In what is probably the most fascinating aspect of the greatest non-scandal in modern history, Republican politicians and right-wing media began to take cues from one another in a strange viscous cycle that somehow led to this.  Republicans became so thoroughly enmeshed in their own narrative that, in the end, even relatively honorable politicians like John McCain began to believe the story spun by their own party.

Unlike, Benghazi, the controversies surrounding the Clinton Foundation and those “damn e-mails” actually merit concern.  The Clinton Foundation’s primary goal has been to promote greater networking and cooperation among governments, corporations, and wealthy individuals with non-profit organizations seeking to address serious problems like global poverty and climate change.  This focus differs somewhat from that of a group like the Bill and Melinda Gates foundation which is more direct in providing aid to groups seeking to directly address issues associated with under-development.  The Clinton Foundation’s approach is often a very personalistic one – which was and is part of the problem.

When Clinton served as Secretary of State, the Foundation agreed to restrict its donations, including a ban on donations from wealthy foreign individuals, in order to avoid the perception of interest conflicts.  Many such individuals, however, simply donated to organizations that, in turn, then donated to the Clinton Foundation.

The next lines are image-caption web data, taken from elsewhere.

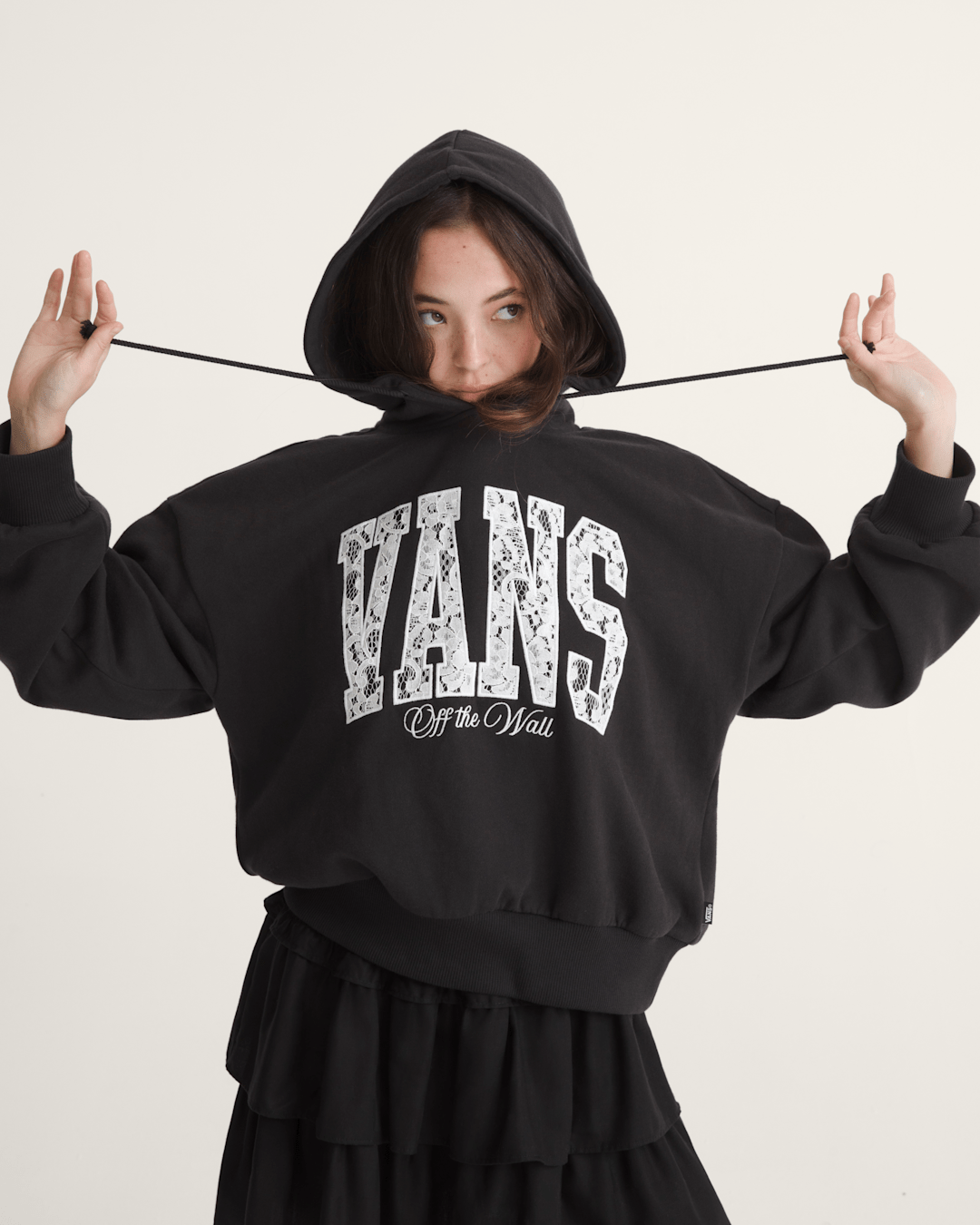 Vans Laced Up Retro Pullover Hoodie in Black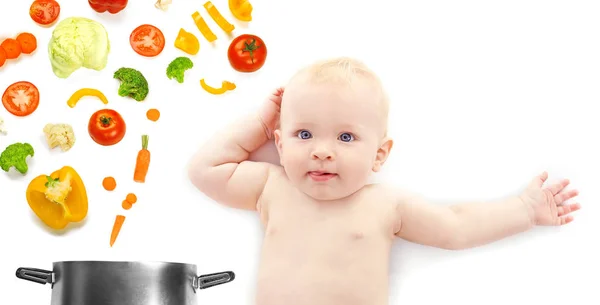 Dilimlenmiş sebze ile şirin bebek — Stok fotoğraf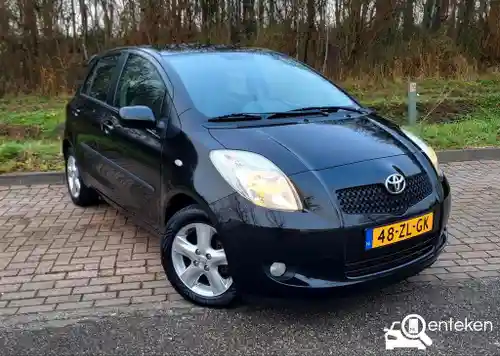 Toyota Yaris 1.3 2008
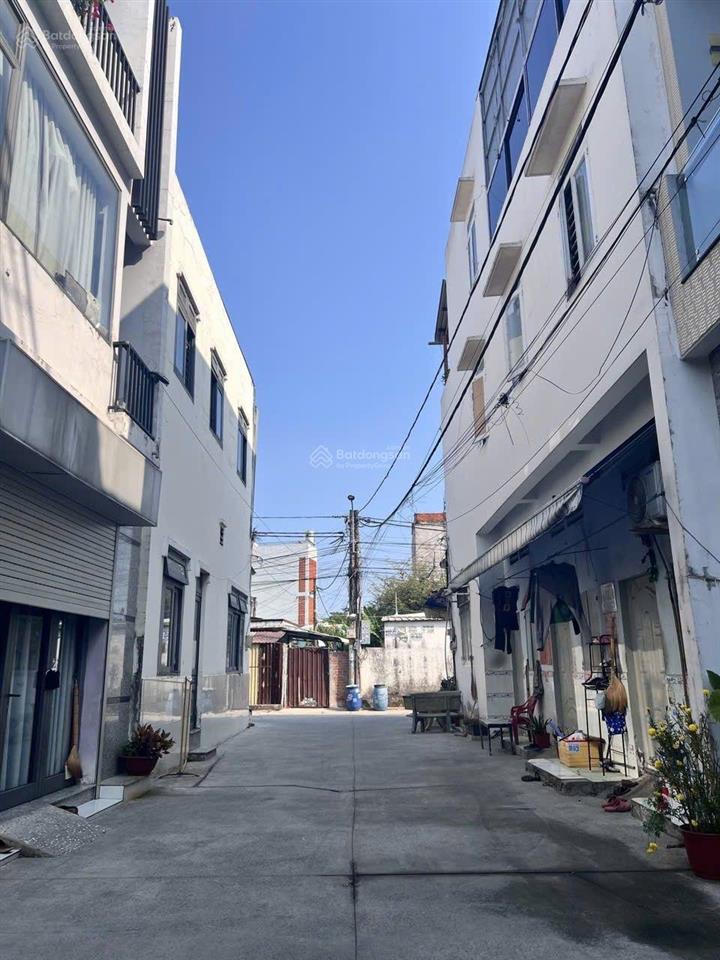 Chỉ 4.5 tỷ, 75m2 ngang 5m, ô tô đỗ cửa khu cao tầng, tân phú q9 cũ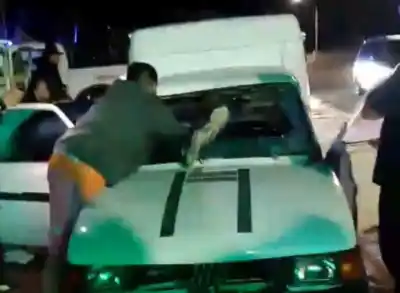 Impactante choque en Saladas: un ciclista quedó incrustado en la cabina de una camioneta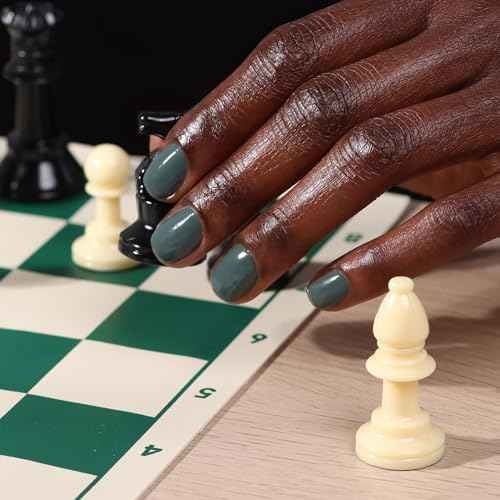 LONDONTOWN lakur Nail Polish - Chip-Resistant, Non-Toxic, Conditions & Hydrates Nails | Glossy Olive Green, Velvet Drapes, .40 fl oz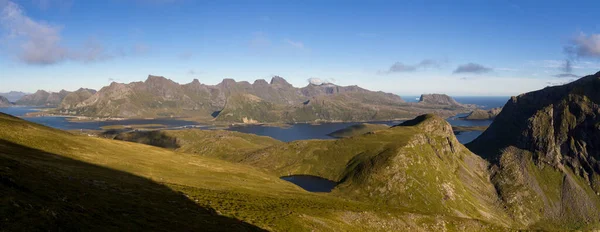 Όμορφη Θέα Των Βουνών Στα Νησιά Lofoten Νορβηγία — Φωτογραφία Αρχείου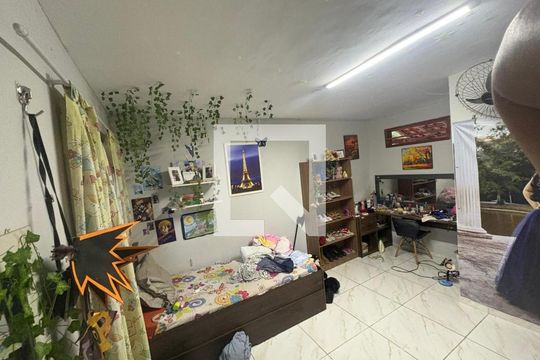 Sala de casa para alugar com 4 quartos, 480m² em São José de Imbassai, Maricá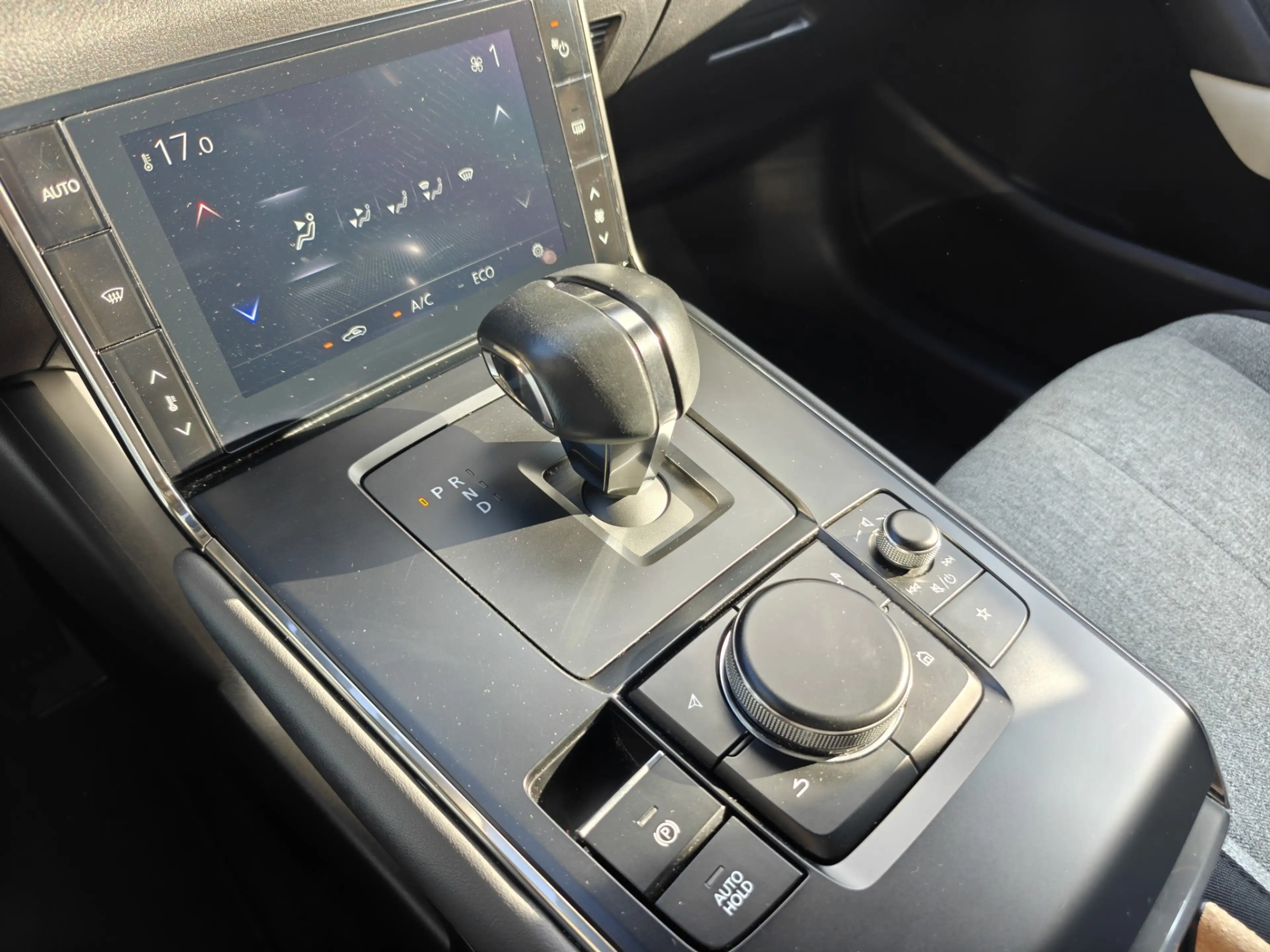 Mazda MX-30 E-SkyActiv EV 145 Prime-line 36 kWh / Eerste Eigen — photo 3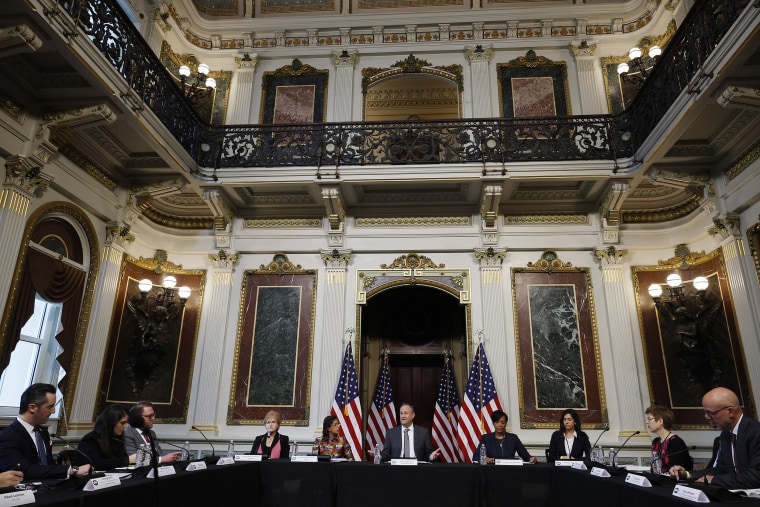 Doug Emhoff leads White House roundtable to combat antisemitism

The e-mails that have come to light this year suggests that many of those who donated to the Clinton Foundation later sought personal meetings with Secretary Clinton.  The problem is that, as Secretary of State, she might well have met with such prominent figures, like a Crown Prince of Bahrain, or the famous Nobel Prize winning economist, Muhammad Yunus – whether or not they had donated to the foundation.  There’s no evidence of a quid pro quo, but it looks understandably questionable whether some may have “bought” influence by establishing themselves as prominent supporters – and the Clintons have not done a good job of allaying such suspicions.

Some liberals seized upon a similar dynamic during the first GW Bush administration when they accused Vice President Dick Cheney as being similarly beholden to his earlier business contacts and friends in Halliburton – with some of the more conspiratorially-minded accusing him of having started a war on their behalf.  Such charges were often overblown – but it’s hard to see how any office holder could completely separate themselves from their earlier contacts and associates.  The continuing question of how to institutionalize the separation of moneyed interests, foreign and domestic, from unfair influence over policy-making is a problem this country has barely tackled whether it involves Hilary Clinton, her predecessors, or much of the rest of Washington.

Finally, there’s the mishandling of the e-mails themselves – the most egregious of the blunders that Clinton made.  As the final FBI report suggested, it is doubtful that Hilary Clinton had a private e-mail server installed in her house with the purpose of hiding anything conspiratorial any more than Colin Powell intended to do so with his private e-mail account.  However, it’s also likely that she failed to even consider that she was potentially compromising secret information in an age when cyber-security is a pressing issue – a disturbingly out-of-touch mindset.  Just as important, her decision to have lawyers delete tens of thousands of e-mails under her own terms was unbelievably high-handed, short-sighted, and invariably going to lend credibility to her critics.

The “Filegate” scandal I discussed at the top turned out not to be an example of Nixonian scheming, but, rather, a sloppily run White House that fostered an all-too-permissive culture in regard to ethical rules – a culture notably absent over the last eight years under President Obama.  My fear is that under President Clinton the sloppiness and permissiveness might return – her stint as Secretary of State is not altogether encouraging in this respect.  Of course, looking across the lunacy across the aisle that’s likely to rank among the worst campaigns in history, I also know the alternative could be much, much worse.  This time, I won’t waste my vote this November wishing for a perfect candidate.